No, and it is the most common tax trap. A seven-seat passenger leisure van is homologated as a passenger car (category M1): a private buyer who buys one recovers no VAT, and pays the registration tax and road tax like any other car, based on fiscal horsepower, CO2 and region.

The confusion comes from its kinship with the utility version. The same body, sold as a two-seat panel van (category N1) to a business for professional use, does allow VAT recovery. But as soon as you add the rear bench and windows to carry the family, the vehicle becomes a car again in the eyes of the tax office. A private buyer therefore has no VAT advantage to expect from a "passenger" Berlingo or Jogger.

Where a family can play is on road taxation. An LPG or hybrid powertrain, or a low CO2 figure, lightens the registration tax and the annual tax, especially in Flanders where the calculation factors in the eco standard. The Jogger LPG and the electric versions are, on that front, the best placed. To place these models in the rest of the market, see our guide to vans in Belgium.
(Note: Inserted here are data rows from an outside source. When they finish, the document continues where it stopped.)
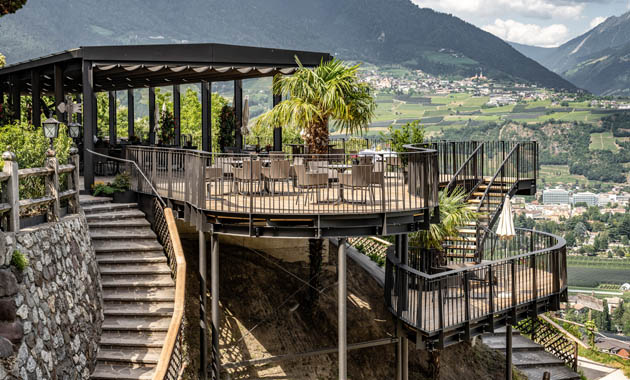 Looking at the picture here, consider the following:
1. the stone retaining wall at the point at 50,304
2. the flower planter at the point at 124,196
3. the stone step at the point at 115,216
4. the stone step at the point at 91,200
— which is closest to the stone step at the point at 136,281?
the stone retaining wall at the point at 50,304

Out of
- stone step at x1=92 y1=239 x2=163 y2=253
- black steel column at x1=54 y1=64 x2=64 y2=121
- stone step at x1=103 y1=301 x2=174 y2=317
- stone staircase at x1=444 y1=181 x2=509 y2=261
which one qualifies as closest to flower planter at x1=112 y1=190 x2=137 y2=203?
stone step at x1=92 y1=239 x2=163 y2=253

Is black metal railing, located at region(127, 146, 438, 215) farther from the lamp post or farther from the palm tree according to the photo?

New or used: which leisure van for a family budget?

A recent used model is often the smartest move. The Belgian market is full of Berlingo, Rifter, Kangoo and Caddy from 2020-2023, out of fleets or families, well maintained and already depreciated. Expect €14,000 to €22,000 for a recent seven-seater depending on version and mileage, against €19,000 to €36,000 new depending on the model.

New still makes sense for the warranty, the exact configuration (seven seats, powertrain, safety equipment) and spreading the cost. For a family keeping its car eight to ten years, the known reliability of a current-generation Berlingo or the simple maintenance of a Jogger weigh as much as the purchase price.
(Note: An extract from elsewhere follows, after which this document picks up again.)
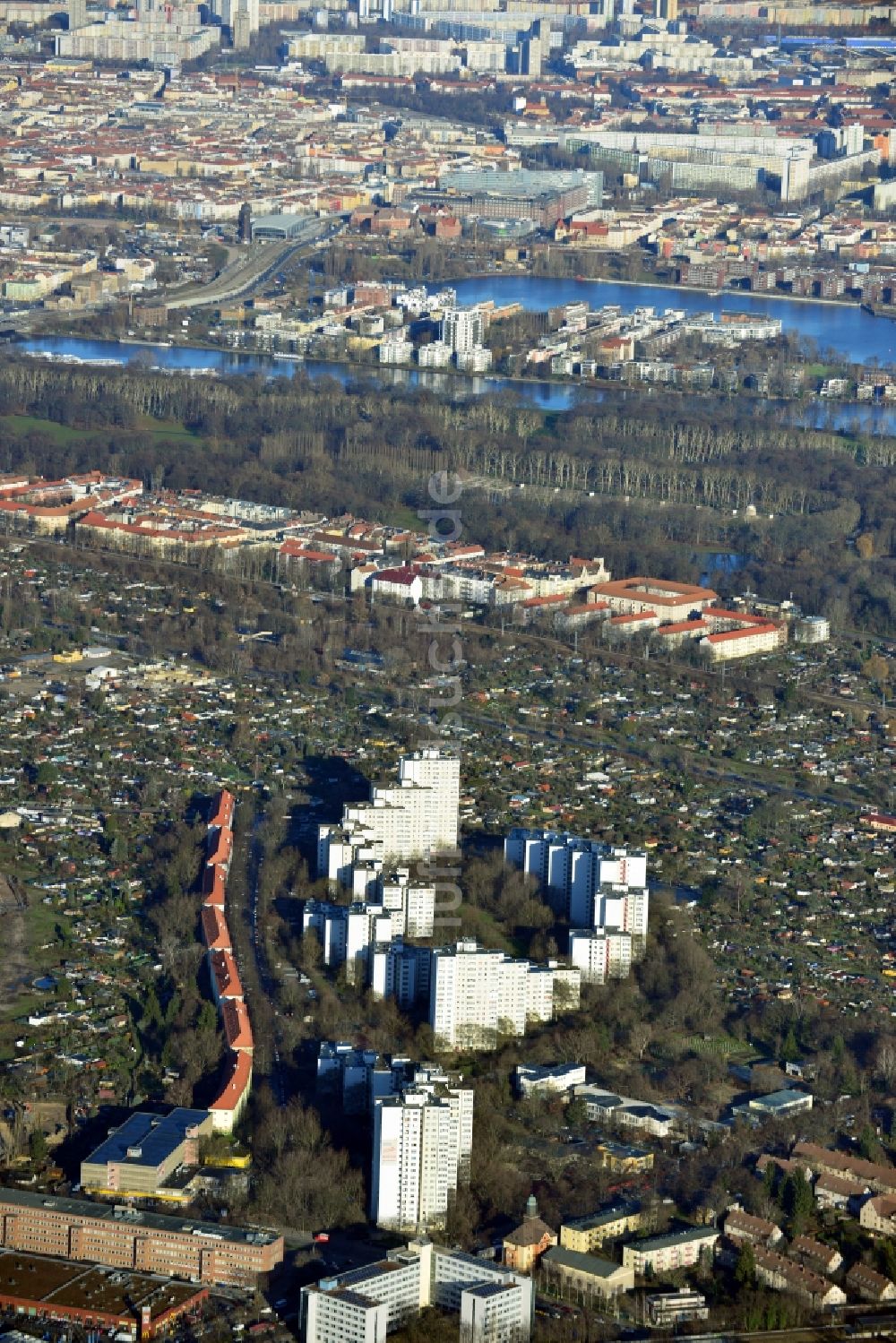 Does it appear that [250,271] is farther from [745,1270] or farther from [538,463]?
[745,1270]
At resale, these leisure vans hold up well thanks to steady family demand and a deep used market. What makes the value is the state of the cabin and the service history, not the badge: a tidy kids' interior resells better than a mistreated top-spec trim. Still torn between two city vans? Our Berlingo or Kangoo comparison details the short versions; and the comparator lines up the specs side by side.

Our verdict

The 7-seat leisure van remains the most sensible answer for a large family in Belgium: more space than an SUV for far less money, and real modularity. The Jogger wins the wallet battle, the Berlingo XL and Rifter Long the balance battle, the Caddy Maxi the refinement one. Measure first the boot you need with everyone aboard, match the powertrain to your real trips, and remember that as a private buyer, no VAT will come back to your pocket. That is where the right choice is made — not on the brochure.

Sources: Dacia Belgium (Jogger range and prices, hybrid and LPG, June 2026); Peugeot Belgium and Citroën Belgium (Rifter Long and Berlingo XL, prices and versions); Moniteur Automobile and AutoScout24 (dimensions, volumes and used values Belgium); Volkswagen and Ford Belgium (Caddy Maxi Life, Grand Tourneo Connect); Renault Belgium (Grand Kangoo); Bruxelles Environnement (LEZ 2026); FPS Finance and regional services (VAT, registration tax and road tax, M1 / N1 categories).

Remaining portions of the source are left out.